» COLLECTED DATA
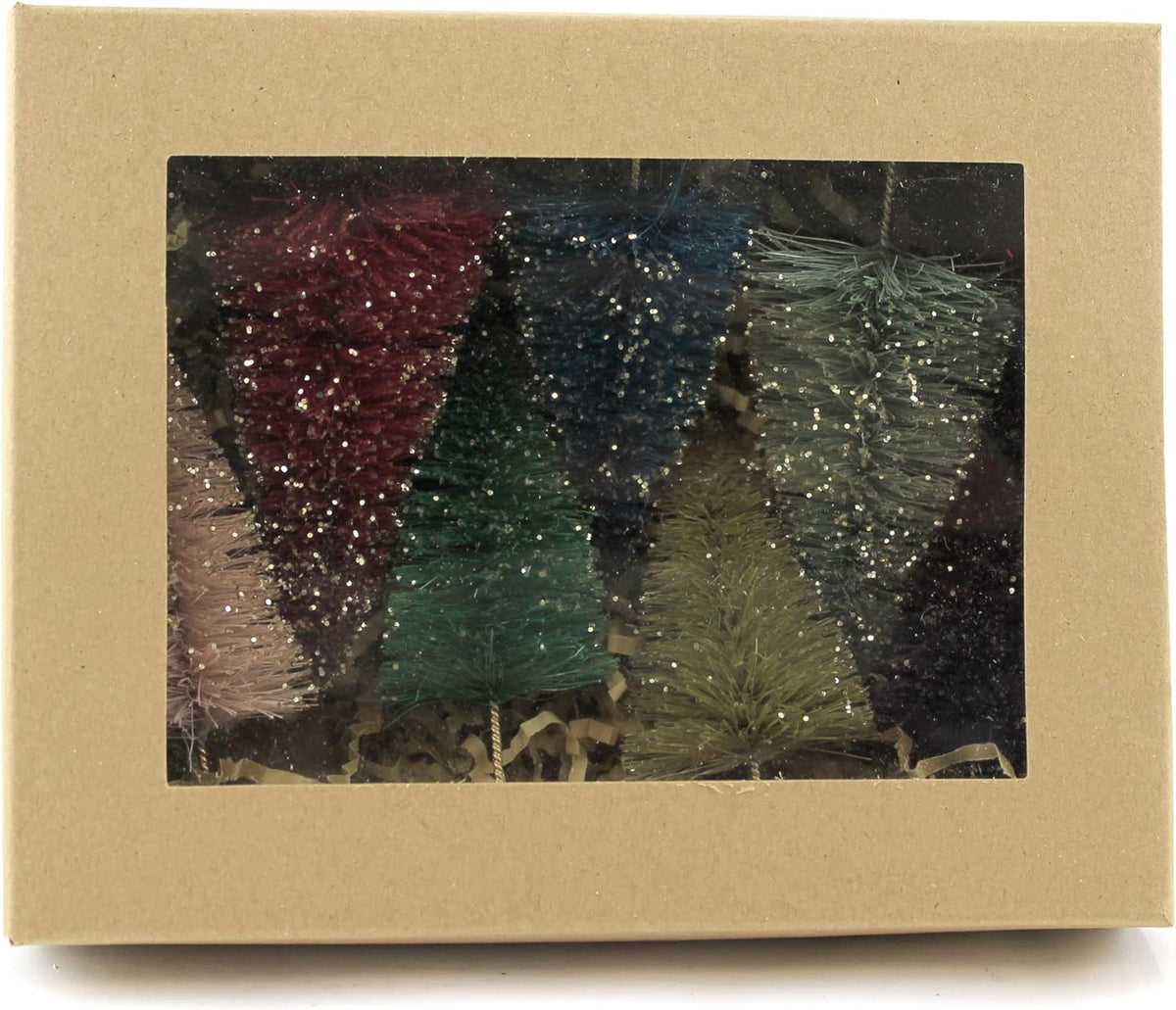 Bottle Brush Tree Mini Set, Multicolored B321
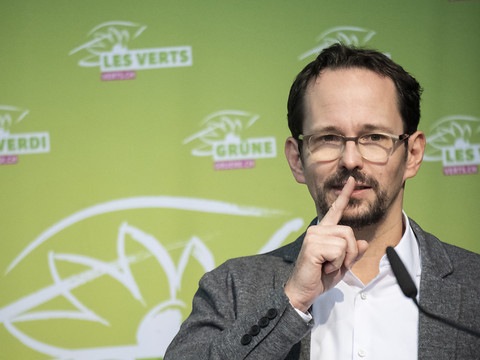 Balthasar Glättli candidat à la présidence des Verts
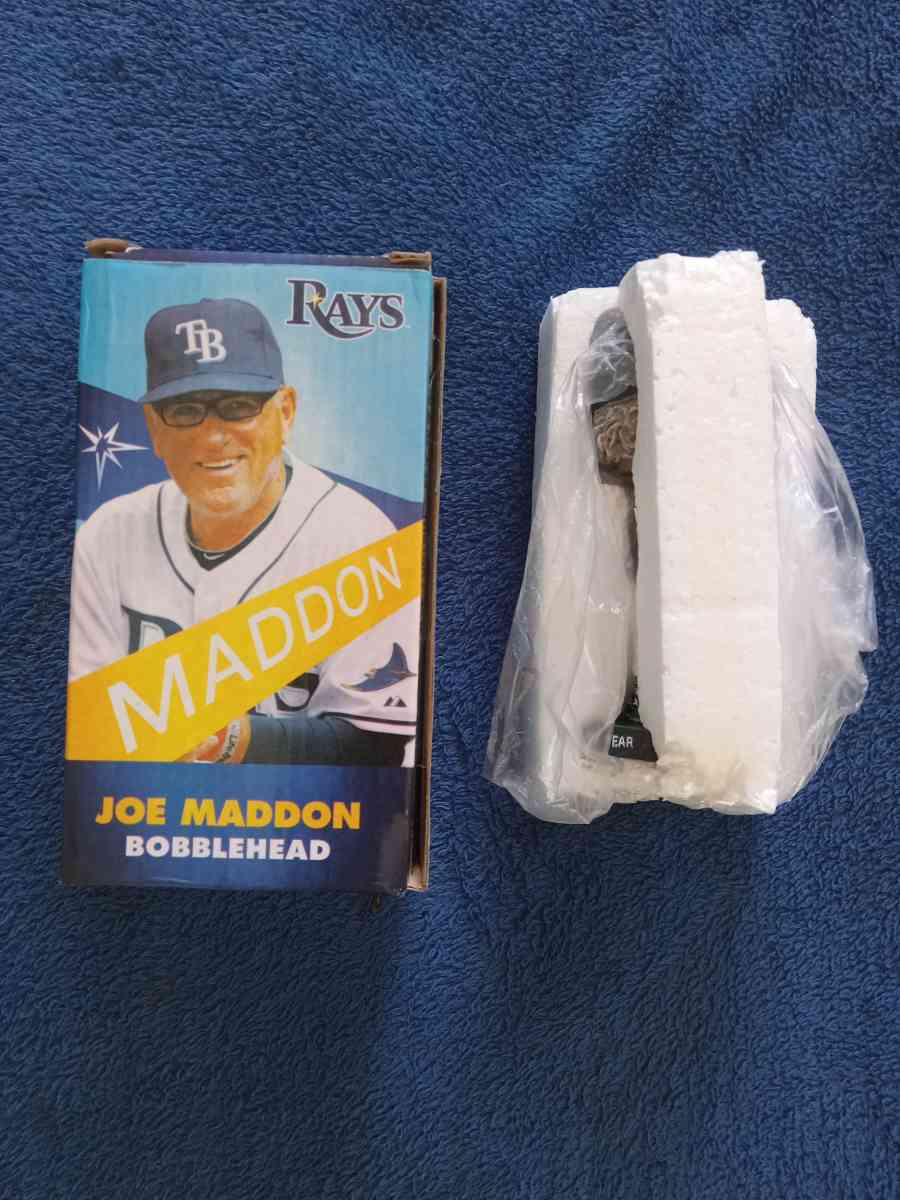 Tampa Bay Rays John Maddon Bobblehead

» YOUR ASSIGNMENT
The lines to repeat run from the line containing "Balthasar Glättli candidat" through the last line of the material above; give them exactly, without the pictures.

» EXPECTED ANSWER
 Balthasar Glättli candidat à la présidence des Verts
 Tampa Bay Rays John Maddon Bobblehead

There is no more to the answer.